## Task instructions
All lines from the one containing "this 400×211 image." down to the final line of the entries below: return them exactly.

---------- Material to process

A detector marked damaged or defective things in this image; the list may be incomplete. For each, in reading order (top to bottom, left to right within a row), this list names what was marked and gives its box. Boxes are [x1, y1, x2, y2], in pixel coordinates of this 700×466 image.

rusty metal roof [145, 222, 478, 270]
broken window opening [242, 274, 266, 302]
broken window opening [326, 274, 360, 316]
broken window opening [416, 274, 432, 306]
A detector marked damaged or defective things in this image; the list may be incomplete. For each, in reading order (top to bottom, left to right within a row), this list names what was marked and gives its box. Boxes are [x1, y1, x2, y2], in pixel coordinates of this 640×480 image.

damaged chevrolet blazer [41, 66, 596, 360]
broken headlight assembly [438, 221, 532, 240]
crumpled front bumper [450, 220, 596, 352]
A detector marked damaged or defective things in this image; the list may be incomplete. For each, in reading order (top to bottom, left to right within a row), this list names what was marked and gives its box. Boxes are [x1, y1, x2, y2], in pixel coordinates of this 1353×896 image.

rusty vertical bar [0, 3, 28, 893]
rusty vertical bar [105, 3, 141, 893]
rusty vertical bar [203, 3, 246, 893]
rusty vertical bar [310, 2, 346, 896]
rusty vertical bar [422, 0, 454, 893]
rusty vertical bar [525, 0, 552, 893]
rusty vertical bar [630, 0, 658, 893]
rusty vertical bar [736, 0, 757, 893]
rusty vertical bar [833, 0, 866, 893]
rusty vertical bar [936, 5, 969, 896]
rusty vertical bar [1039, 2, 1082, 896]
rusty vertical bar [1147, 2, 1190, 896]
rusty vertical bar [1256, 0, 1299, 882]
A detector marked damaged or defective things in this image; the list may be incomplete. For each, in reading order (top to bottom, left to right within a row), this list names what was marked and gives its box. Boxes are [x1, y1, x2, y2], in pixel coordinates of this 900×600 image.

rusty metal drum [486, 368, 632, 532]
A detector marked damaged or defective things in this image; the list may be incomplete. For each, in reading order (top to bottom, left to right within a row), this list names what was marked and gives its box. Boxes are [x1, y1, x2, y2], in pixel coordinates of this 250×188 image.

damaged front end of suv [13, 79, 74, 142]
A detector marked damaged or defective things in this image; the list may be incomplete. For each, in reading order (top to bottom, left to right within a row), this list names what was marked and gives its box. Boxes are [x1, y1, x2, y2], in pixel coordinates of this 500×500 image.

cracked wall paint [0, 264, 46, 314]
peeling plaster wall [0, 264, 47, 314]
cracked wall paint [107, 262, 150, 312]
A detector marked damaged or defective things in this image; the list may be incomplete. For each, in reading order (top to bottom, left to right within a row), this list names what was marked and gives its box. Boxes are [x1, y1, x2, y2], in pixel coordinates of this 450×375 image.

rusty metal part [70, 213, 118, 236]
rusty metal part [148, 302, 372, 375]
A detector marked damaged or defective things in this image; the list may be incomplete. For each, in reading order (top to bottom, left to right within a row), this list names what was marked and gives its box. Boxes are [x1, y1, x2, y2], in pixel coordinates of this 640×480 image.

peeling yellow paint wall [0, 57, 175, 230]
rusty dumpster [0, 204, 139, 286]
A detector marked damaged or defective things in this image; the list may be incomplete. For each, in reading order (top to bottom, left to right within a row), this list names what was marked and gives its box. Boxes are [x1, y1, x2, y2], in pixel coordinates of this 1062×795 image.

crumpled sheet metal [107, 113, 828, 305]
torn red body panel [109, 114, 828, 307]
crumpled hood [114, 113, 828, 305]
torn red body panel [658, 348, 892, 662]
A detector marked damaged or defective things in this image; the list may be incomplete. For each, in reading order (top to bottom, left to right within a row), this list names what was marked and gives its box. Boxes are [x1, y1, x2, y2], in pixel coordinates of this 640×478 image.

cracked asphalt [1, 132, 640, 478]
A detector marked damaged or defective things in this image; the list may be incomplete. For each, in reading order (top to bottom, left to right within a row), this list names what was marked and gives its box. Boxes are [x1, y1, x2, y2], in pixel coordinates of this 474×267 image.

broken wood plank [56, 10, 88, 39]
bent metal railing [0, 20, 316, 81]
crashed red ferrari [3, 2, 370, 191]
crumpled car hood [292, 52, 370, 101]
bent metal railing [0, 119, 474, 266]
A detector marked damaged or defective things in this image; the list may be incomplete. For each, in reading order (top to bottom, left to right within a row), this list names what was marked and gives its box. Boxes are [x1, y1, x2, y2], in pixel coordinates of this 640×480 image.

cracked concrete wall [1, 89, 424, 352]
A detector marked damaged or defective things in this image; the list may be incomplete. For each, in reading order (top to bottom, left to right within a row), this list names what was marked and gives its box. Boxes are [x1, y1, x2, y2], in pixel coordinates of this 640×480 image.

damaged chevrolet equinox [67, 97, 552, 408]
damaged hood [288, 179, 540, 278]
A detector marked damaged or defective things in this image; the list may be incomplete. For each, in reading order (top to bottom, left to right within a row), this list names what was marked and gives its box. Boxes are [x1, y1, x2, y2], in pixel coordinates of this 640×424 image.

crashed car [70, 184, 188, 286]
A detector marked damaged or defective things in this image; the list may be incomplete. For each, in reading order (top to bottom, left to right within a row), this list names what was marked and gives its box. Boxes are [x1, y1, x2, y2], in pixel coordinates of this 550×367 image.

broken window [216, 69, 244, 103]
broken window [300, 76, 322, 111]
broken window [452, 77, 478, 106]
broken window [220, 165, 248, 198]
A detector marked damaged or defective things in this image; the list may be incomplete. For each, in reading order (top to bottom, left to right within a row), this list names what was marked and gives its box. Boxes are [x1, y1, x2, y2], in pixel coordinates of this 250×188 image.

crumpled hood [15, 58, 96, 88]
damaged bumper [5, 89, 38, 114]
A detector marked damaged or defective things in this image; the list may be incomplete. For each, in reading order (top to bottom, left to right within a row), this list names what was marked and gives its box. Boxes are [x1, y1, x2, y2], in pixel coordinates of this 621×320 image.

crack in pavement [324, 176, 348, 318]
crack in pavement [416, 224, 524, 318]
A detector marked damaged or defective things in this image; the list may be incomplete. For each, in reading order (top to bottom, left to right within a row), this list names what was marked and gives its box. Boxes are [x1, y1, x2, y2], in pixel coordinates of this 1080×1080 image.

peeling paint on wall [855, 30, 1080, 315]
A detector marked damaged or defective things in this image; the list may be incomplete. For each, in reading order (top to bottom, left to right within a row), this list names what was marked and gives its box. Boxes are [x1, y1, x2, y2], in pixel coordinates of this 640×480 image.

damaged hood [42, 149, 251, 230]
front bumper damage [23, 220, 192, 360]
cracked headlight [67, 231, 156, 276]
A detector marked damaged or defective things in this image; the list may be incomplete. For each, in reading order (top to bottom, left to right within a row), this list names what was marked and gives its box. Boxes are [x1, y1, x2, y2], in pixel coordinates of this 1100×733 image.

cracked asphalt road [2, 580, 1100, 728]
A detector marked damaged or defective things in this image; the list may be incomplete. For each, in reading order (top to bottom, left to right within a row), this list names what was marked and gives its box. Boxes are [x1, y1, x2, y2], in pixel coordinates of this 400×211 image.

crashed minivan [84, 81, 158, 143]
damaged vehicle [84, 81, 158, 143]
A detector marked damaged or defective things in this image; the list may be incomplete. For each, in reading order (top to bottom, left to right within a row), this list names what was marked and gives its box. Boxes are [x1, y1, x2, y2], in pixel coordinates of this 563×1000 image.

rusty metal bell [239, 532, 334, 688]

--------------------

## Expected answer
A detector marked damaged or defective things in this image; the list may be incomplete. For each, in reading order (top to bottom, left to right within a row), this list names what was marked and gives its box. Boxes are [x1, y1, x2, y2], in pixel coordinates of this 400×211 image.

crashed minivan [84, 81, 158, 143]
damaged vehicle [84, 81, 158, 143]
A detector marked damaged or defective things in this image; the list may be incomplete. For each, in reading order (top to bottom, left to right within a row), this list names what was marked and gives its box. Boxes are [x1, y1, x2, y2], in pixel coordinates of this 563×1000 image.

rusty metal bell [239, 532, 334, 688]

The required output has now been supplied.